**What the task asks**
All lines from the opening of the material up to and including the line with "A woman in a" should be transcribed exactly, pictures excepted.

**Dataset extract**

++++++++++++++++++++

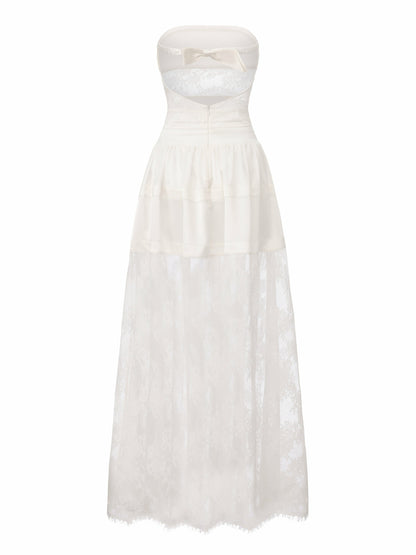 Nana Jacqueline Amelie White Lace Strapless Satin Dress White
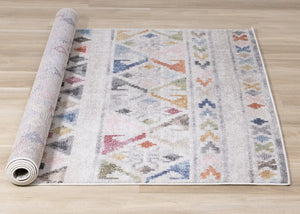 HomeRoots 5' Modern Tribal Area Rug in Cream, Blue & Green - Durable, Stain-Resistant for Family Spaces 5' X 8' 660180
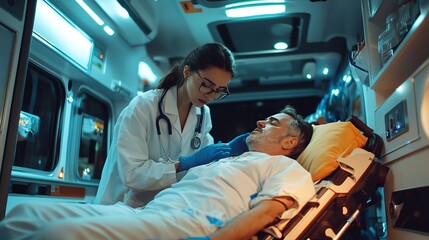 A woman in a white lab coat is tending to a man on a hospital bed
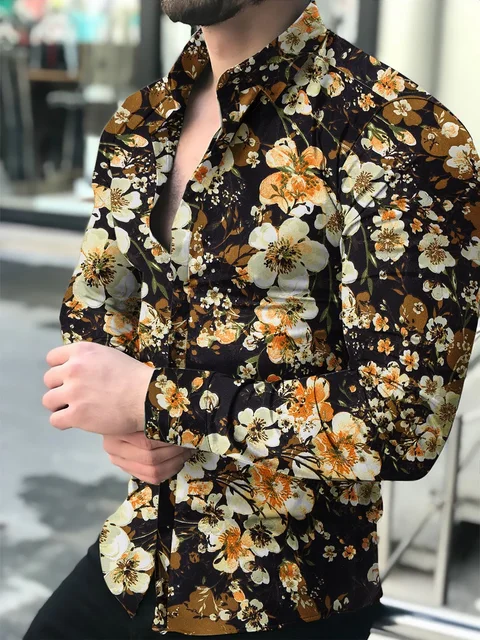 Men's Shirt Long Sleeve Hawaiian  Social Luxury Button Up Cardigan Blouses Wholesale 2021Single Breasted Turn-down Collar Broad cs03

++++++++++++++++++++

**Output of the task**
 Nana Jacqueline Amelie White Lace Strapless Satin Dress White
 HomeRoots 5' Modern Tribal Area Rug in Cream, Blue & Green - Durable, Stain-Resistant for Family Spaces 5' X 8' 660180
 A woman in a white lab coat is tending to a man on a hospital bed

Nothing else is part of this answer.